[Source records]

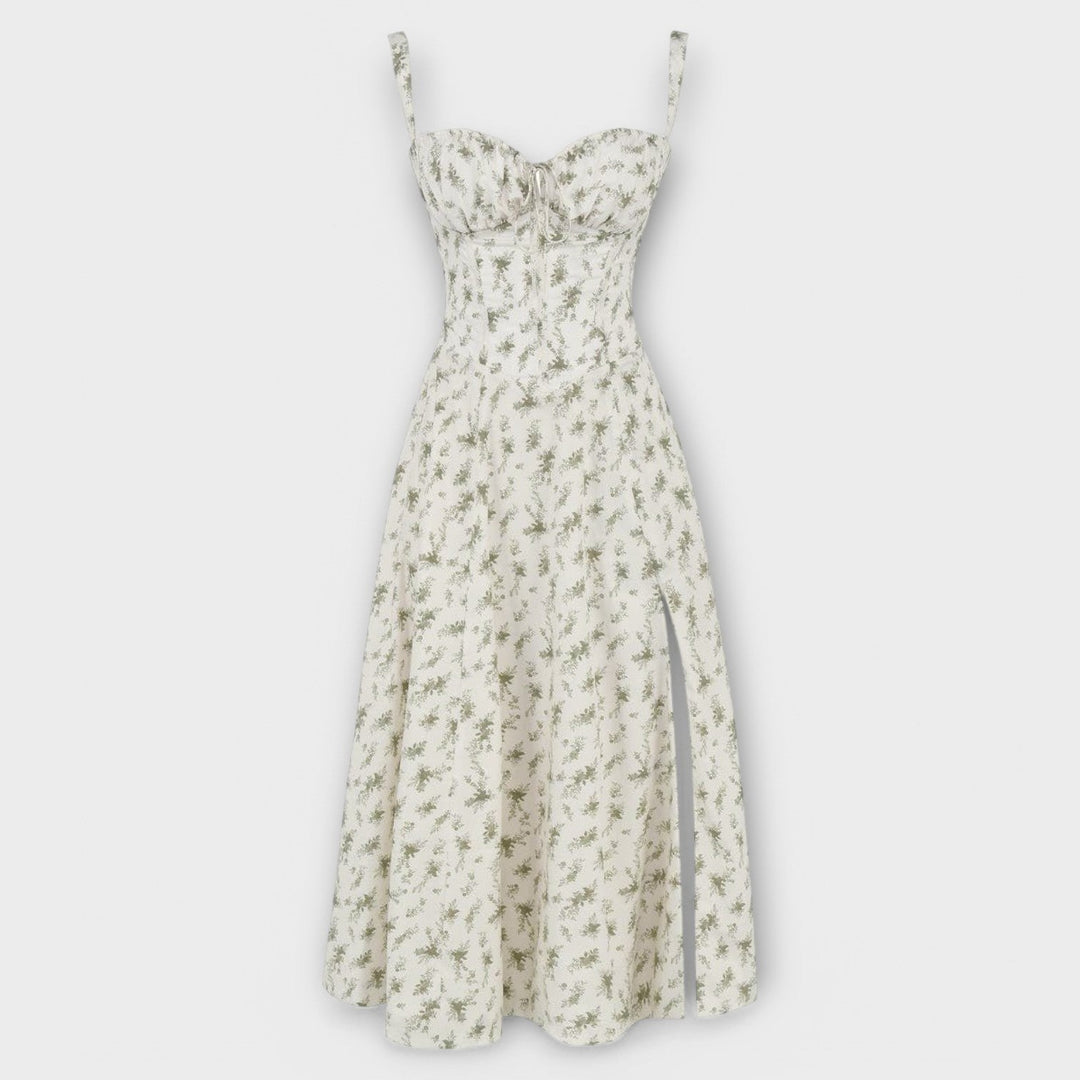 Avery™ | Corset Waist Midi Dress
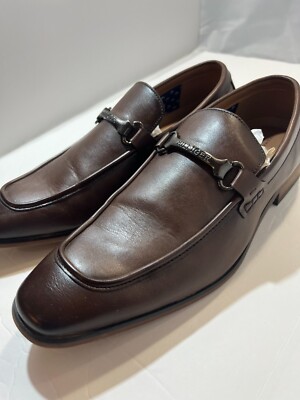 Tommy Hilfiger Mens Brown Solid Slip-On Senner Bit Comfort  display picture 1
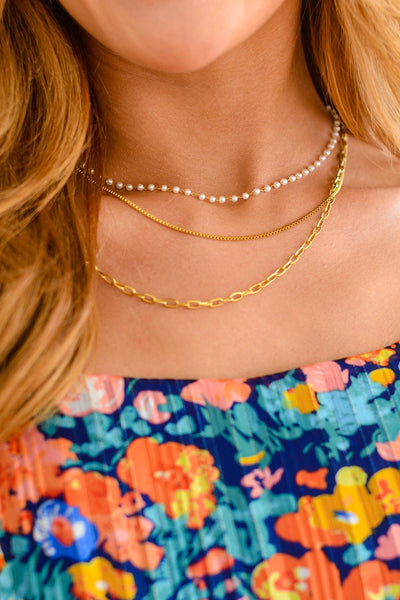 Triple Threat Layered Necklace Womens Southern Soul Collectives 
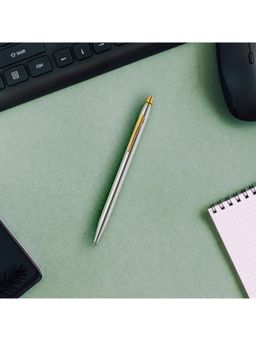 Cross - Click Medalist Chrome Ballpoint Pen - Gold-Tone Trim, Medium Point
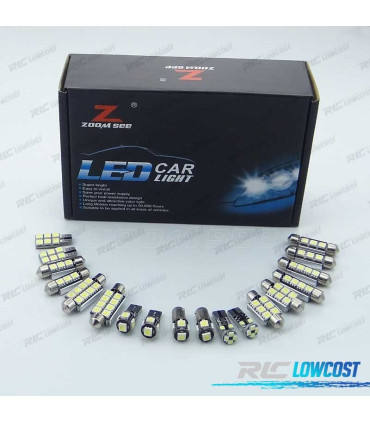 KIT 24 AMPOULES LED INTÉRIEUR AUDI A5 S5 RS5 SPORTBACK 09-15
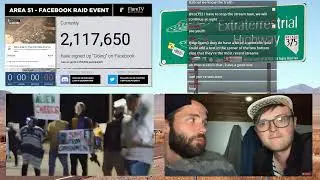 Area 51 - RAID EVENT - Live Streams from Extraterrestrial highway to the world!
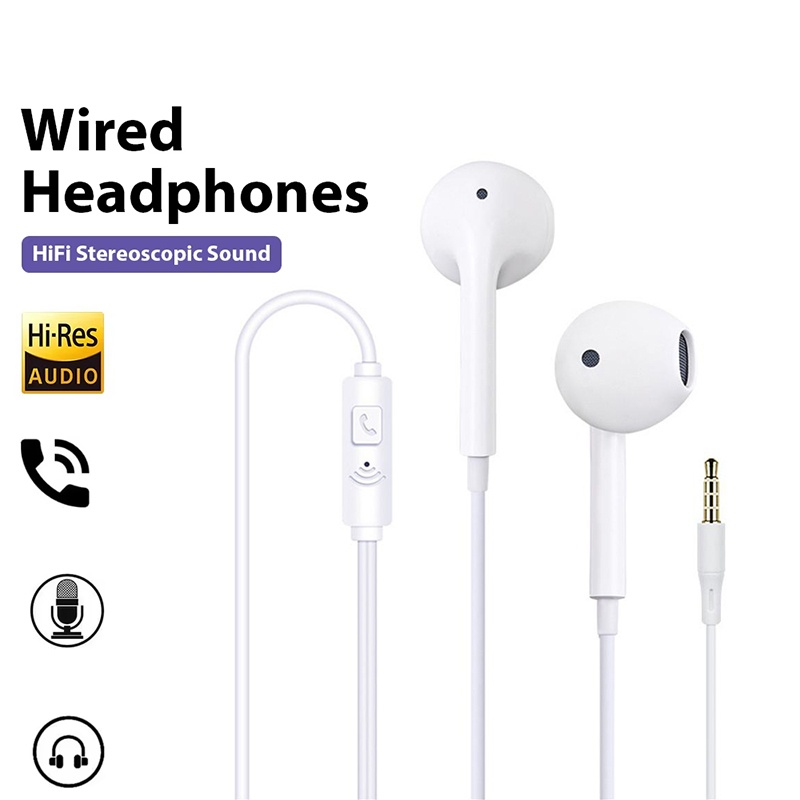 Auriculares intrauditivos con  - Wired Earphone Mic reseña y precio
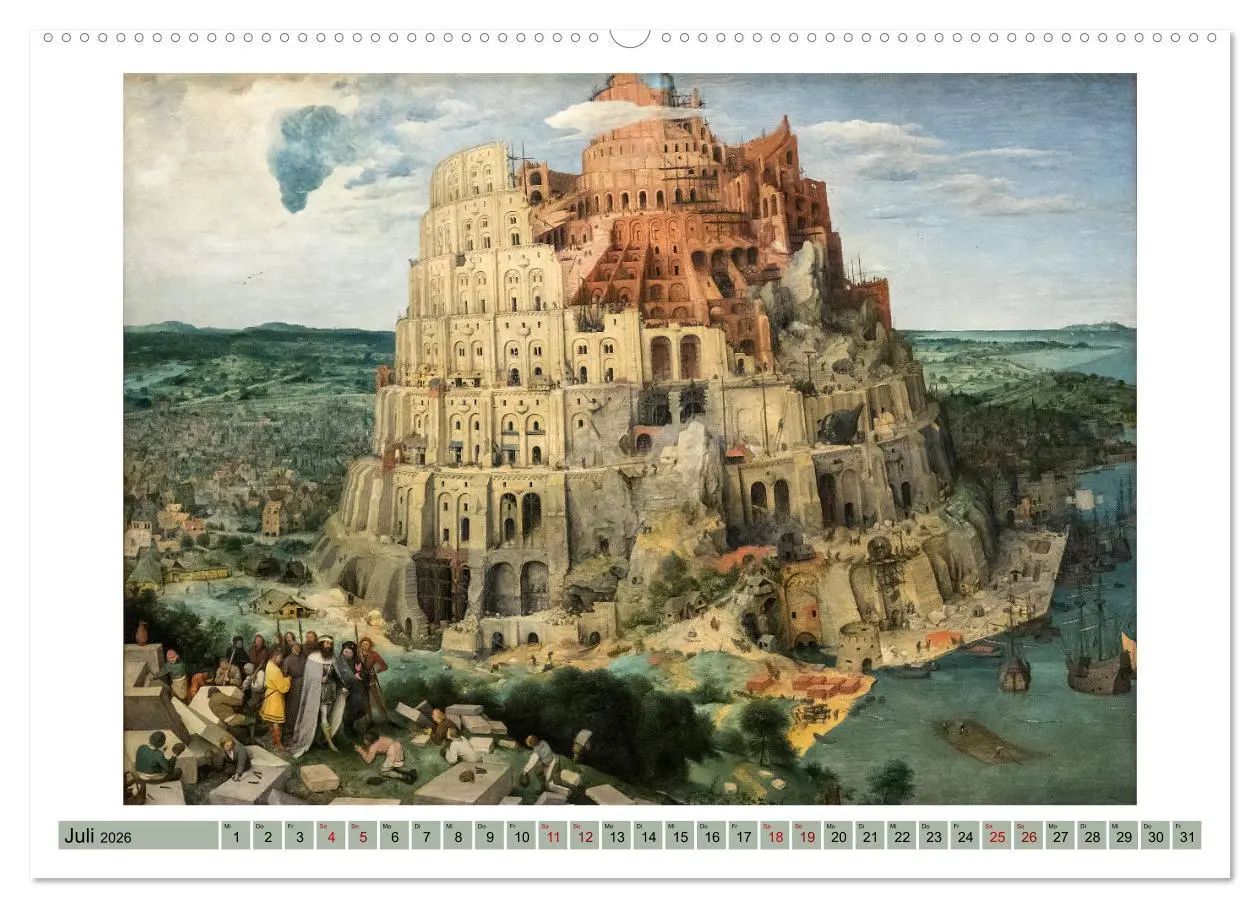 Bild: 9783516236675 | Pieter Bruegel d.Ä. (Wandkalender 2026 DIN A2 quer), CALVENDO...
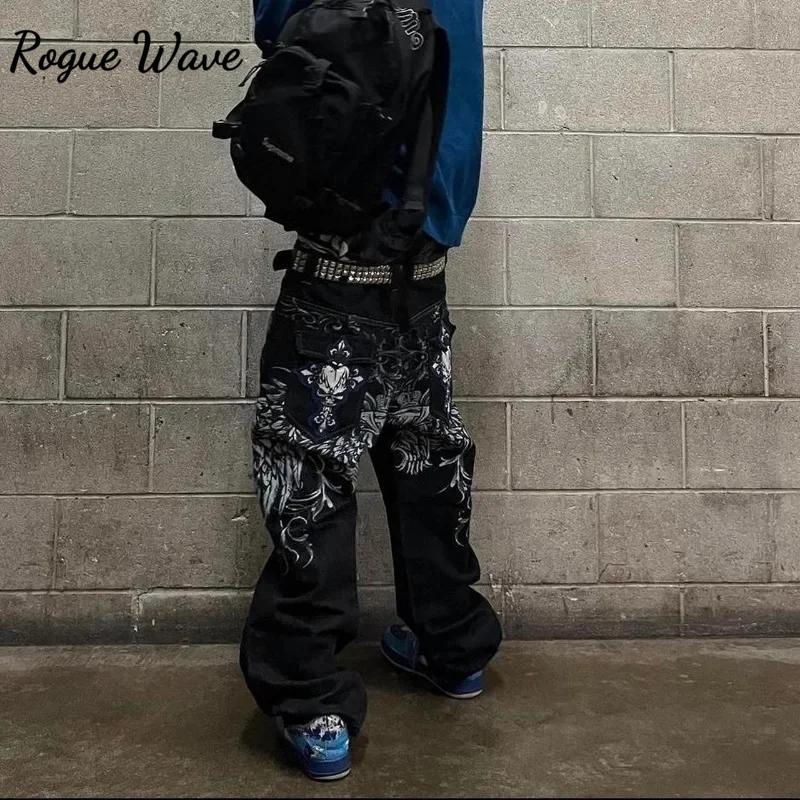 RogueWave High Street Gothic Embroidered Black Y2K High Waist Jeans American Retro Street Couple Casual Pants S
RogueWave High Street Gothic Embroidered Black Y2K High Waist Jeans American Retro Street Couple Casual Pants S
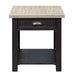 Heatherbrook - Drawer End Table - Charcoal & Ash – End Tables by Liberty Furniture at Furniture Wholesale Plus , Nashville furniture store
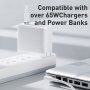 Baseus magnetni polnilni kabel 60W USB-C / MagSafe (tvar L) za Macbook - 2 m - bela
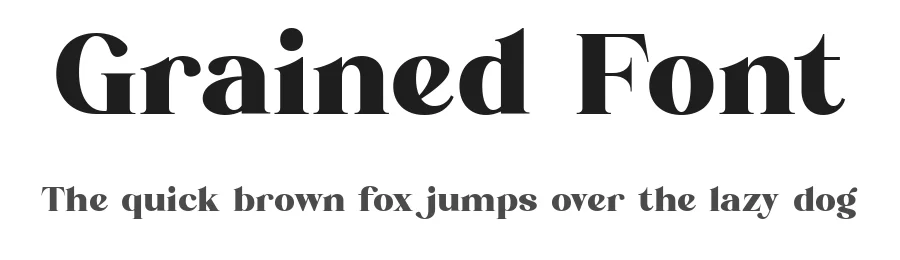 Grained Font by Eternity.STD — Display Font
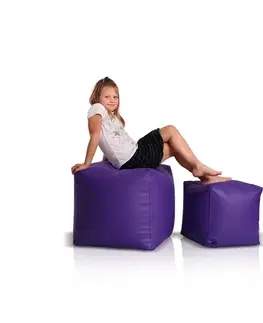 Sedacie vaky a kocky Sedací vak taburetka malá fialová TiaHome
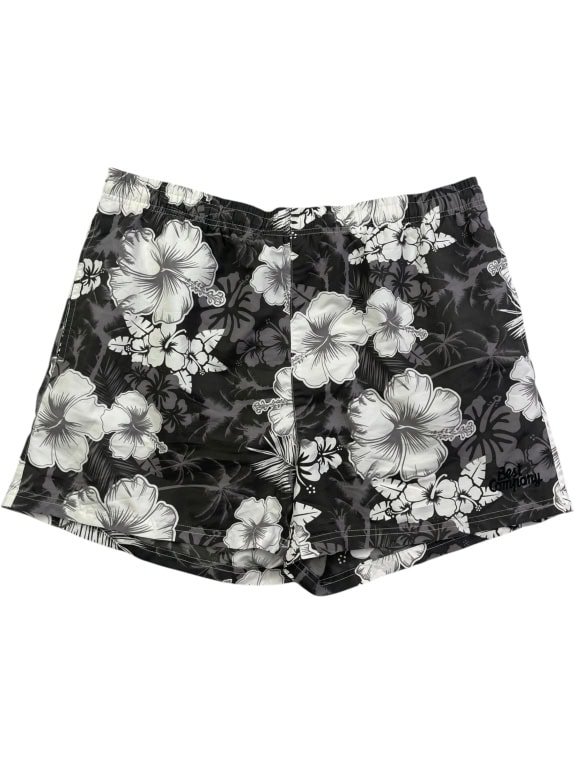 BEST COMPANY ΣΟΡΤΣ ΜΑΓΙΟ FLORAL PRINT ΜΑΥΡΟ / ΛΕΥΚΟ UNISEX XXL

__EXERCISE DETAILS__. The entries above are to be copied exactly, with every picture left out.

__TASK OUTPUT__.
 Avery™ | Corset Waist Midi Dress
 Tommy Hilfiger Mens Brown Solid Slip-On Senner Bit Comfort  display picture 1
 Triple Threat Layered Necklace Womens Southern Soul Collectives 
 Cross - Click Medalist Chrome Ballpoint Pen - Gold-Tone Trim, Medium Point
 KIT 24 AMPOULES LED INTÉRIEUR AUDI A5 S5 RS5 SPORTBACK 09-15
 Area 51 - RAID EVENT - Live Streams from Extraterrestrial highway to the world!
 Auriculares intrauditivos con  - Wired Earphone Mic reseña y precio
 Bild: 9783516236675 | Pieter Bruegel d.Ä. (Wandkalender 2026 DIN A2 quer), CALVENDO...
 RogueWave High Street Gothic Embroidered Black Y2K High Waist Jeans American Retro Street Couple Casual Pants S
RogueWave High Street Gothic Embroidered Black Y2K High Waist Jeans American Retro Street Couple Casual Pants S
 Heatherbrook - Drawer End Table - Charcoal & Ash – End Tables by Liberty Furniture at Furniture Wholesale Plus , Nashville furniture store
 Baseus magnetni polnilni kabel 60W USB-C / MagSafe (tvar L) za Macbook - 2 m - bela
 Grained Font by Eternity.STD — Display Font
 Sedacie vaky a kocky Sedací vak taburetka malá fialová TiaHome
 BEST COMPANY ΣΟΡΤΣ ΜΑΓΙΟ FLORAL PRINT ΜΑΥΡΟ / ΛΕΥΚΟ UNISEX XXL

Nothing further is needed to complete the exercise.